The Postal Service doesn't receive tax dollars to cover added expenses tied to serving far-flung addresses. And any adjustments to the universal service obligation would call for oversight by Congress and the Postal Regulatory Commission.
Privatization doesn't guarantee the end of the universal service obligation — the privatized Royal Mail is required by regulators to affordably deliver and collect letters six days a week throughout the United Kingdom, for example.
"If we're going to keep the service standards as they are today, you have to be very realistic to think about what privatization can actually accomplish," said Derek Lossing, founder of the consultancy Cirrus Global Advisors and a former Amazon Logistics leader. "Again, if you look at the Royal Mail, I don't think it's accomplished nearly what they thought it could."
Experts said a Postal Service freed of regulatory constraints would likely move to reduce its six-days-a-week delivery frequency in less profitable rural locations, which would add to existing agency efforts to limit operating costs in serving remote areas.
The Postal Service could also pursue profits by making big cuts to its footprint of more than 33,000 Post Office locations, Lossing said. In their place, the agency could lean on less resource-intensive pickup and dropoff methods, like UPS does by using local businesses as Access Points.
"Your footprint would look more like a UPS or FedEx," Lossing said.
Rate hikes likely
More aggressive rate increases could also be in the cards. The Postal Service would need to raise parcel delivery prices by at least 30% to earn a reasonable return and stand on its own, Wells Fargo analysts said in a Feb. 27 research note. The agency's pricing was between 25% and 60% lower than FedEx and UPS in Q4 2024, depending on the service, they added.
"I don't know how they would be able to sustain delivery with the current price structure," said Helaine Rich, VP of strategic sales and administration at ePost Global.

While reducing service and prices could benefit the Postal Service's bottom line, it also would come with risks. That would be particularly true for the agency's package delivery offerings that compete with FedEx, UPS and other private carriers.

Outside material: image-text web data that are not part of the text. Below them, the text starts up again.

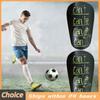 Mini-Schienbeinschoner Training Beinschutz Stoßdämpfend Fußball Beinschutz Fußballtraining Schienbeinschoner für Sporttraining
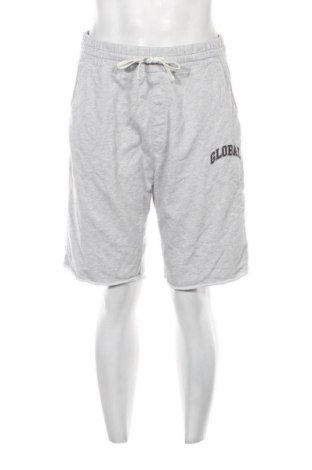 Herren Shorts H&M, Größe L, Farbe Grau, Preis € 14,91
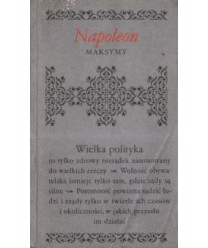 Maksymy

Too few delivery days from USPS in some areas would give shippers added incentive to use alternative options, experts said. Maintaining reliable service in rural communities is an advantage for the agency in some ways, particularly as e-commerce businesses don't want to be limited by what home addresses they can ship to, according to Lossing.
On the parcel pricing side, the Wells Fargo report noted that aggressive rate hikes from a private Postal Service would help FedEx and UPS by "increasing the floor for" delivery rates. Higher mail prices could accelerate volume declines by incentivizing other forms of communication as well.
Long route ahead
The U.S. also could privatize only some of the Postal Service's operations to limit disruptions to mail delivery. Several experts said the government may keep the mail business under its wing and maintain the agency's universal service obligation while breaking off the package shipping portion that competes with private companies.
"I don't see it happening, obviously, on the letter mail side of things," Rich said of privatization.
Regardless of what form a potential Postal Service privatization would take, it would likely require a multiyear endeavor similar to what countries like Germany experienced while overhauling their postal systems, said Mark Waverek, managing partner at PlaidMark Management and Consulting Services.
"You just can’t snap your fingers and turn it on tomorrow," he said. "This is going to take a well-thought out process of what those cuts are going to be, what it's going to mean to the people on the service side [and] what alternatives are going to be in place. It's going to take time.”